But I must say, the icing was good, although there's not exactly a plethora of it. We had to use it sparingly to make it last for all six rolls. But the pastries were soft, tender and sweet. There was a great balance of cinnamon throughout the product, unlike Baker Josef's Cinnamon Crumb Coffee Cake, which may or may not have been our fault...
I'm going to have to give them 4 out of 5 stars overall. Sonia gives them a 3.5, but her score would have been higher if not for the faulty packaging. Overall, I think these rolls are quite a success. Tell the Pillsbury Doughboy to pack it up and hit the road. And Trader Joe, watch your back!
Bottom line: 7.5 out of 10.
Thursday, August 4, 2011
Espiral Vinho Verde
Wait, wait, what? I thought this was a Trader Joe's blog reviewing Trader Joe's products. Where's the "Trader" character name or cutesy packaging or anything like that? I don't see that anywhere near here. This looks like an actual, legitimate, bottle of wine that has nothing to do with TJ's. What's up with that, on this, the leading semi-authoritative foodie-hack review site of all things Trader Joe's?
Well, remember the , uh, "beer fairy" that was kind enough to drop off some TJ-brand cold ones a little while back? She was also kind enough to, uh, get us a bottle of Espiral Vinho Verde as well, which she left a note stating the shelf tag explicitly said this was exclusively available at Trader Joe's. And since there's sort of a precedent for this on our blog, well, I figure why not review it. Thank you, booze fairy, but I hope some day that the laws of Pennsylvania will allow you to retire.

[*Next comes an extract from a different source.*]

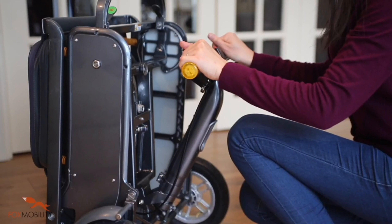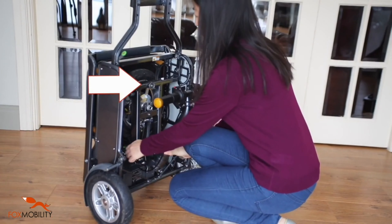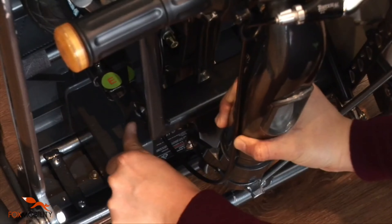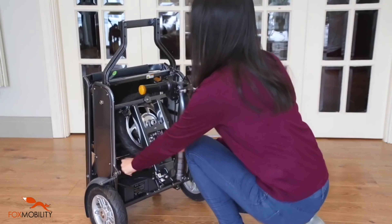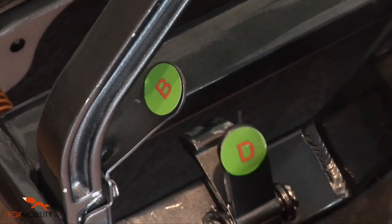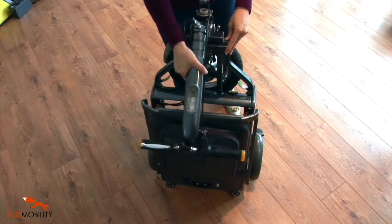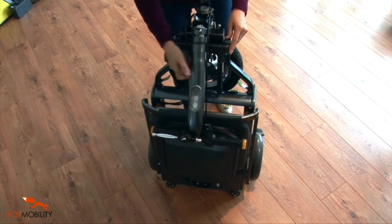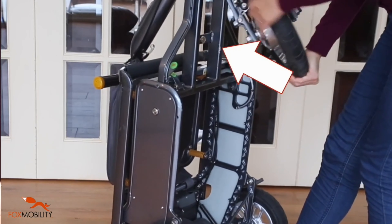Hold the handlebar assembly with both hands and release the magnetic lock. Use your left hand to release latch E. Raise the handlebar with the front subframe until latch D is properly engaged in its socket. The handlebar may now be rested against the front of the seat. Slightly twist the front wheel to disengage the magnetic lock from the mainframe.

This wasn't the first go-around with vinho verde for Sandy and me. Through the generosity of my folks and the marvels of resort timeshare networking, we spent our honeymoon exploring the southern coast of Portugal by day and relaxing in our hotel room at night with a bottle or two of wine and watching the Simpsons dubbed into Portugese with English subtitles. Now that's an experience. In short, if you have the chance to go to Portugal ever, go. We stationed ourselves mid-Southern coast in the town of Albufeira (Arabic for "castle on the sea") and since it was the cooler, winter months, we spent all of our time driving around our tiny Yaris to see different castles and cathedrals all the way from Sagres and into Seville, Spain. Trip of a lifetime, no doubt.
And the wine...delicious. I've heard that, by some measures, Portugal is behind only Russia as a drinking country (I think it's some type of per-capita ranking), and one of the favorite alcoholic refreshments is vinho verde. Literally, it means "green wine," although it's more generally classified as a white and certainly appears that way in color. I've heard it explained that the "green" refers to the very young age of the grapes used for making the wine, as they are smaller and much more tart than their older, bigger brothers and sisters.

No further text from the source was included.